Every year the anniversary of his death is commemorated with a march, mass and all night vigil which consists of stories, music and celebration. Being a part of it this year was amazing. As we marched we did chants for justice, following Romero’s example and feeling his legacy run through our blood as a responsibility to carry it on. We walked a few miles to where his body is buried and had mass outside the Cathedral. During mass I felt frustrated because I couldn’t hear anything and was disconnected from the significance of the night. Luckily I didn’t leave on the first bus and soon was on fire with the energy of the people around me, so connected to the history of this country- so impacted by Romero. A few of us stayed with a big group of the Salvadoran students in our sister program.  Dancing with my amazing Salvadoran friends, I was so amazed at the energy with which they sang along to songs about Romero, the war and stories that really matter. They got so excited when some of their favorite songs came on and in their eyes you could see the ways these songs energize them to sigue adelante, to overcome the many barriers that are placed before them by their reality of poverty and marginalization and commit themselves to a better reality.  By the end of the night my cheeks hurt from smiling so much and my feet hurt from all the dancing.. I think those are signs of an evening well lived.

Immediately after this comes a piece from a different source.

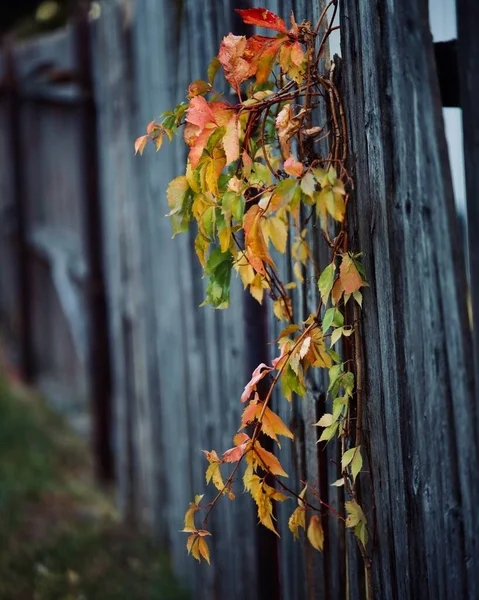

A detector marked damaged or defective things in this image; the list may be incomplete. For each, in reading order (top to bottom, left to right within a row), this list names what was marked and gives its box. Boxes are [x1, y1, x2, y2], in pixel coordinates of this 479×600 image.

rusty metal post [4, 42, 34, 382]
rusty metal post [73, 1, 114, 482]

I am always amazed by the way the youth are connected to their history. They have heard their parent’s stories of the war and some only a few years older than us have their own memories. They see the ways people like Romero touched the lives of their family and they are unhappy with the reality they find themselves in today. Many leave to the United States, others succumb to the way things are because there seems no other options. But the ones I spend the majority of my time with have chosen something different- because they follow the examples of so many before them who believe something different is possible. And watching their eyes light up as they sung a long to the songs about justice I caught fire to the contagion of committing yourself to something bigger.
I feel so lucky to be surrounded by so many people who inspire me to work for something more and as I soak in how amazing this job and life are it’s scary to think that it is soon coming to an end. I am making big decisions for the next step and dreaming of ways to carry this home with me everyday. But for now trying to stay present here and let the example of these people become a part of me.